«Estos trescientos años han sido un paréntesis.»
ALBERT SÁNCHEZ PIÑOL
En estas dos «diadas» hemos podido leer y escuchar cómo mucha gente tildaba la celebración de la caída de Barcelona el 11 de septiembre como de una exageración. No lo es. Poco lo celebramos para lo que fue. 1714 es un momento estelar de la historia general de la lucha popular. Al nivel del ghetto de Varsovia o del asedio de Leningrado, la Barcelona de 1714 fue un ejemplo asombroso e insólito de unidad de toda una sociedad en defensa de su sistema político. Apenas 5.000 barceloneses contra 40.000 soldados profesionales resistiendo más de un año las 30.068 bombas que se calcula que cayeron. Eso no se hace por un rey ni por un papa. Sí por la libertad.
En las barricadas del 11 de septiembre se podía ver a uno de los hombres más ricos, como Sebastiá Dalmau, arruinado por haber puesto a disposición de la defensa toda su fortuna junto a niños, artesanos y marineros del barrio de la Ribera. Aristócratas como Lanuça compartiendo balazos con el batallón de estudiantes de filosofía y teología. Incluso los que habían votado a favor de la rendición antes de ese día, como Flix, Villarroel o el mismo Casanova, permanecieron en la ciudad combatiendo, puesto que la mayoría de la Junta así lo había determinado.
La derrota fue terrible. Se planeó una ciudadela («para sujetar eternamente a esta obstinada gente») que solo la presión popular impidió que arrasase la joya gótica de Santa María del Mar, como tenían previsto los borbónicos. Una represión desaforada que llevó a prohibir a los niños volar cometas, a fundir todas las campanas de la ciudad, puesto que habían llamado a la resistencia. Que prohibió a los nobles catalanes llevar armas. Que obligó a atar los cuchillos de cocina a la mesa con cadenas bajo pena de muerte. Que hizo que en Valencia los cañones de las murallas se girasen hacia la ciudad para demostrar diariamente que estaban invadidos. Que prohibió bajo pena de muerte la posesión de caracolas de mar, pues eran el instrumento de señales de los maulets. Que arrasó y quemó Xàtiva. Una represión que cerró todas las universidades, prohibió usar lazos en la ropa de determinados colores, que embargó rentas, que hizo a los vecinos de Barcelona demoler sus propias casas. Que mandó derribar todos los castillos de Cataluña, prohibió la emisión de moneda, quemó los archivos… Y que sometió a Aragón, Valencia y Cataluña a la uniformidad de unas mismas leyes, usos, costumbres y Tribunales, gobernándose igualmente todos por las leyes de Castilla tan loables y plausibles en todo el Universo. Unas políticas que, como escribía el Consejo de Castilla en 1715, se aplicarían «borrándoles de la memoria a los Cathalanes todo aquello que pueda conformarse con sus antiguas abolidas constituciones». Como se verá una represión de una modernidad sorprendente. Propia del siglo XX.

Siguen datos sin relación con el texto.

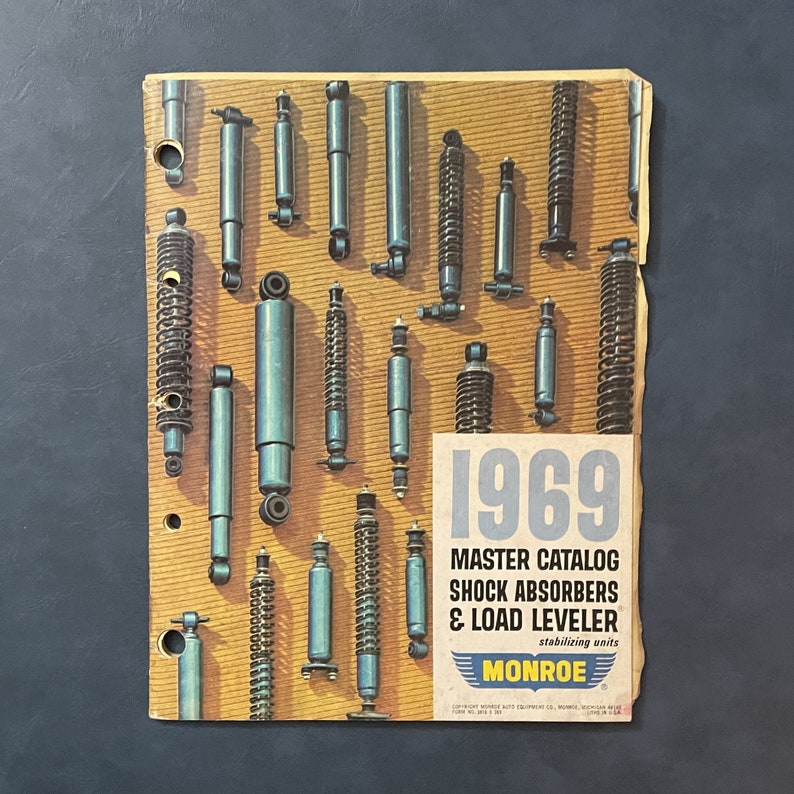 Pu&ograve; includere: Un catalogo vintage Monroe Master del 1969 per ammortizzatori e stabilizzatori di livello di carico. La copertina del catalogo presenta una variet&agrave; di ammortizzatori di diverse dimensioni e stili.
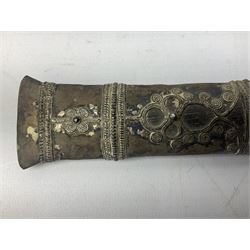 Burmese dha dagger with 15cm steel blade, white metal ferrule and horn handle, in white metal and filigree scabbard L30.5cm; a Burmese long bladed knife with horn handle and brass mounted teak scabbard; and another Eastern dagger in sheath (3)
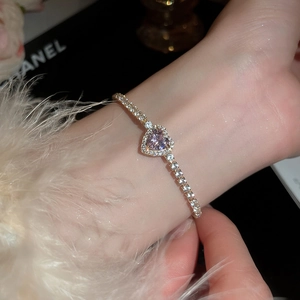 Close-up of heart-shaped pink gemstone tennis bracelet in gold finish with white zircons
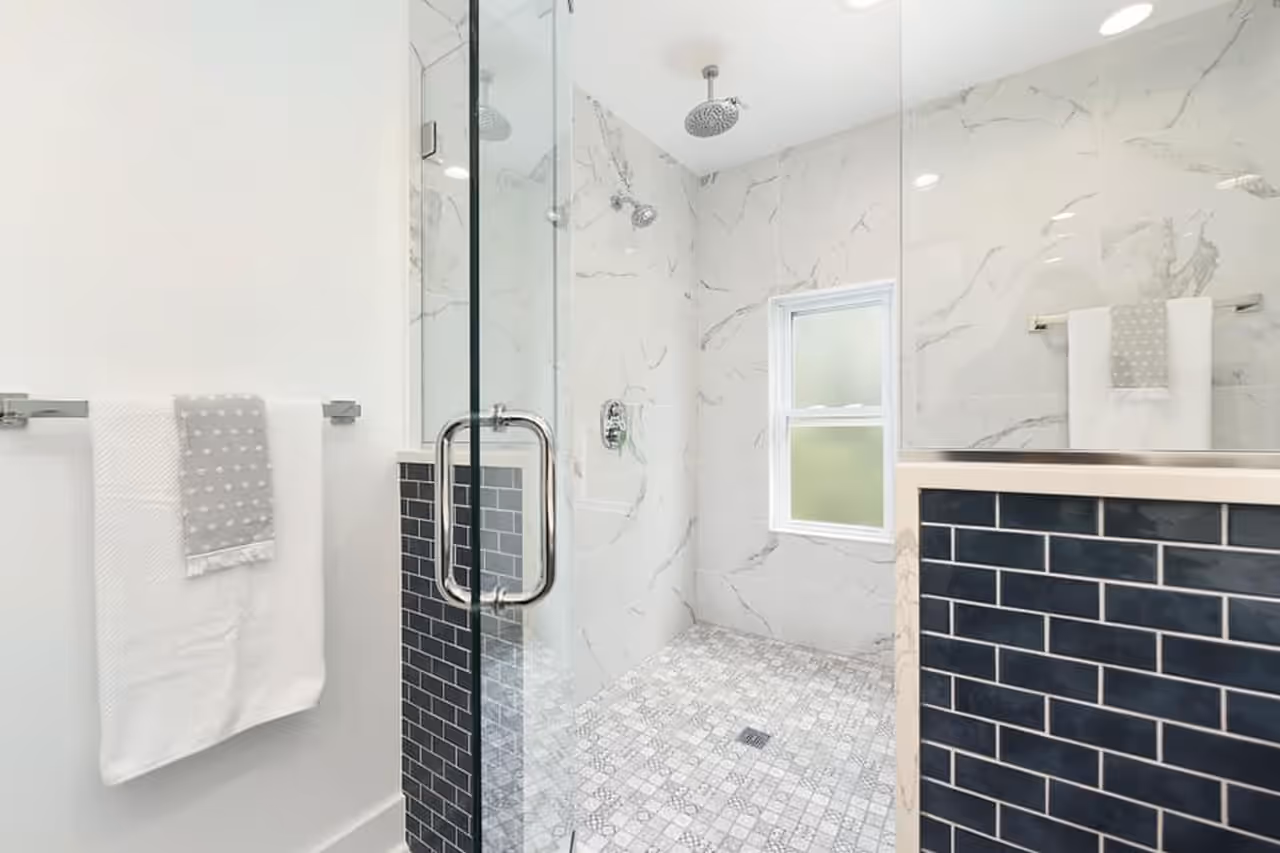 A finished walk-in shower with marble tile and a glass door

Después de aquel 11 de septiembre, a Cataluña la gobierna un ejército de ocupación a través del Capitán general y de los corregidores, todos ex militares. Llegó a haber un soldado por cada veinte catalanes. Eso sin tener en cuenta los planes valorados de arrasar Barcelona por completo y construir una gran columna donde estaba la ciudad. Fue tal el encono, que la cabeza del general Moragues estuvo doce años expuesta en una jaula para recordar lo que ocurría.
Puede parecer una cosa del pasado lejano. Pero aún a principios del siglo XX estaba prohibida la conmemoración del 11 de septiembre, e incluso Antoni Gaudí fue llevado al calabozo cuando lo sorprendieron saliendo de la clandestina celebración que se hacía en Sant Just i Pastor.
Algo debe tener el agua cuando la bendicen. Y algo debe mover la memoria del 11 de septiembre que no ha quedado como un impostado «día de la comunidad» y se ha convertido en un cauce de expresión política constante a lo largo de los siglos.